I used my Better Homes and Gardens COOK BOOK: PINK edition cookbook for this one, well the meat sauce. I really like a thick heavy meat sauce on my pasta and used a multi-colored Rotini noodle. Just a little note: when I make a hearty sauce like this I like to use a pasta noodle that has some kind of ridges or holes. I do this b/c they pick up and hold the sauce better.
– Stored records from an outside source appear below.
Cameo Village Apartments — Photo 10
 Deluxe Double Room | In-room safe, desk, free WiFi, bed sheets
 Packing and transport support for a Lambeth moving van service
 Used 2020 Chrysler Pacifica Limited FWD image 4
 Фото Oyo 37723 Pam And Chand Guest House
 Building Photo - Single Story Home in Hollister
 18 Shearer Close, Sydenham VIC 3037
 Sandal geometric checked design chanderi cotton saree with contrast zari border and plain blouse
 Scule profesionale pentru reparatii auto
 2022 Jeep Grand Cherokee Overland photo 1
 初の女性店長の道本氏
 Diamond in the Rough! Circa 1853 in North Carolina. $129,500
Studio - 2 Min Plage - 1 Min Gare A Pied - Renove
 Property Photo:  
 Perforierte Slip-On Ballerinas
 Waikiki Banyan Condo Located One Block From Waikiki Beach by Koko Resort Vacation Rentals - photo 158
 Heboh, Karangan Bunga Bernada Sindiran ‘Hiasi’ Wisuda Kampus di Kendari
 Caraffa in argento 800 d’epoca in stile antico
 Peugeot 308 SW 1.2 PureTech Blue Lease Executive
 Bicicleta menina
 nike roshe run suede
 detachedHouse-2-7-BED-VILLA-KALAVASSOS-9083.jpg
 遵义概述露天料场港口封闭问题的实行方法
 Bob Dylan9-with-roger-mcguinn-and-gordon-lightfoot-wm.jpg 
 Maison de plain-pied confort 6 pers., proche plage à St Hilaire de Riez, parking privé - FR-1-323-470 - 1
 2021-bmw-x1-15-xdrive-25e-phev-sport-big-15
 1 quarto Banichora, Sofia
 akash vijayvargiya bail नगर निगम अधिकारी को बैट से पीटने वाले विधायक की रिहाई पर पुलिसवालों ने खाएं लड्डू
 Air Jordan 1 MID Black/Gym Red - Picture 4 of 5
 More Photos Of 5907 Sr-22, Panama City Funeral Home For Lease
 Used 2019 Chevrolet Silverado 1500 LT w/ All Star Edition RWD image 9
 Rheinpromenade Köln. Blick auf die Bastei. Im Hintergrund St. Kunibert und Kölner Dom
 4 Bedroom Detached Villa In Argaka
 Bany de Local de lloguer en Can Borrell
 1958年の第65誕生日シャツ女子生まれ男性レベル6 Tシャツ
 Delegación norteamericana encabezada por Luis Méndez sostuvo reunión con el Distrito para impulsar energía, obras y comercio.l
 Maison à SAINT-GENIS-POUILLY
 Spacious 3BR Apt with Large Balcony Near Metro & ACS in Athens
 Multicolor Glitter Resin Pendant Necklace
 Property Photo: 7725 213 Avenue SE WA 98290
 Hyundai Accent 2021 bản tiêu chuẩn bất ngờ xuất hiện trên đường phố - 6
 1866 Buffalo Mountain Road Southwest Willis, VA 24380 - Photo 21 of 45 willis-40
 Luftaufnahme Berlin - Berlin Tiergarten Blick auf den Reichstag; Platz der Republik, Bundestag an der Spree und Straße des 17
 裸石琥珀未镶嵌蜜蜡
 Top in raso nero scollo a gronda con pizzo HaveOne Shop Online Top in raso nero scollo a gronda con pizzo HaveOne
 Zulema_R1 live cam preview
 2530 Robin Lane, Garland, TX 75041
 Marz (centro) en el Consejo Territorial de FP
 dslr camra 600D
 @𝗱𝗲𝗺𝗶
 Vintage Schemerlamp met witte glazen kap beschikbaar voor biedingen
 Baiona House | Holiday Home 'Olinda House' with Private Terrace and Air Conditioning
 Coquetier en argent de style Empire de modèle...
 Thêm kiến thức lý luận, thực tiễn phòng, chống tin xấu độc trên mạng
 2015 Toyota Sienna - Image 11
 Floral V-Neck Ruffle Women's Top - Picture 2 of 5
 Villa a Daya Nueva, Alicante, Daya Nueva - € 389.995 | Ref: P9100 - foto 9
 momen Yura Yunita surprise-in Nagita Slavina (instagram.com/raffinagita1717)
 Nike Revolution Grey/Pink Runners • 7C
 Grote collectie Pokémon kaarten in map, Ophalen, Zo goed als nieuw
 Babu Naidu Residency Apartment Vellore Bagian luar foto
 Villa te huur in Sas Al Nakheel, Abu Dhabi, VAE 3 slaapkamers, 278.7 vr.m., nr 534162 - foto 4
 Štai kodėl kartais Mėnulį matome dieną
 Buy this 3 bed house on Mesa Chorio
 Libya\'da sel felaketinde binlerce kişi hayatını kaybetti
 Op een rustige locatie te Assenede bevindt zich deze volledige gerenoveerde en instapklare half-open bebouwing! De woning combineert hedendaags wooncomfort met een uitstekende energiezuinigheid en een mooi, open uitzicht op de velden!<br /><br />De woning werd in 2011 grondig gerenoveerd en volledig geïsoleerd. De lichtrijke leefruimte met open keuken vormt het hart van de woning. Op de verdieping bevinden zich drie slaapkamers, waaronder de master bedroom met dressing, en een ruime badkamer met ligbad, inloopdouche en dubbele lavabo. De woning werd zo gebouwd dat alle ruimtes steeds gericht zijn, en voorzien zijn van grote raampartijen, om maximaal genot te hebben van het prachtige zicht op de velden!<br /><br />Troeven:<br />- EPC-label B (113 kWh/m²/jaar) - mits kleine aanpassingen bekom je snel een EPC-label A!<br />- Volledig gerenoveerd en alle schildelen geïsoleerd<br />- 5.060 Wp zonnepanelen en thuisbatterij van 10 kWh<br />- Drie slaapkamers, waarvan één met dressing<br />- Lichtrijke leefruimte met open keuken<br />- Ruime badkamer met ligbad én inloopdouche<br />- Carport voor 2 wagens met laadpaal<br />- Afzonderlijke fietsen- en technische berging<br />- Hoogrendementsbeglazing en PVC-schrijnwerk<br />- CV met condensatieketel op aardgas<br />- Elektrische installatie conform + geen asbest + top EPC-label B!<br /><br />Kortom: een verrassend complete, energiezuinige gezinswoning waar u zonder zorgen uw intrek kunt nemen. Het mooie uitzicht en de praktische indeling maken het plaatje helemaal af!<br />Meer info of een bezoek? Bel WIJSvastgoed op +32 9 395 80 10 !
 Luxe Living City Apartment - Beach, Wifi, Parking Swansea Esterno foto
In a large skillet I added: 1 1/2 pounds of ground beef and began to brown it. Then, while it began to cook I added: 1 cup chopped onion, 1 cup sliced baby bella mushrooms(my own addition), 3 cloves chopped garlic, 1 teaspoon dried basil, 1 tsp dried parsley, 1 tsp dried oregano, and 1/2 tsp dried marjoram. I browned the meat thoroughly and drained the grease out. I then transferred the meat to a large saucepan and added 1 can diced tomatoes, 1 6-ounce can tomato paste, 1 tsp sugar,and 1 tablespoon EVOO. I let that simmer on low heat for about 15 minutes.
While, all of this was going on I boiled up my Rotini, salting it a little while cooking. And wah-la I was done. On top I did add a palm full of my 3 cheese blend, so good when its melting on top of the meat sauce. To drink?? The honey and I had some California red table wine.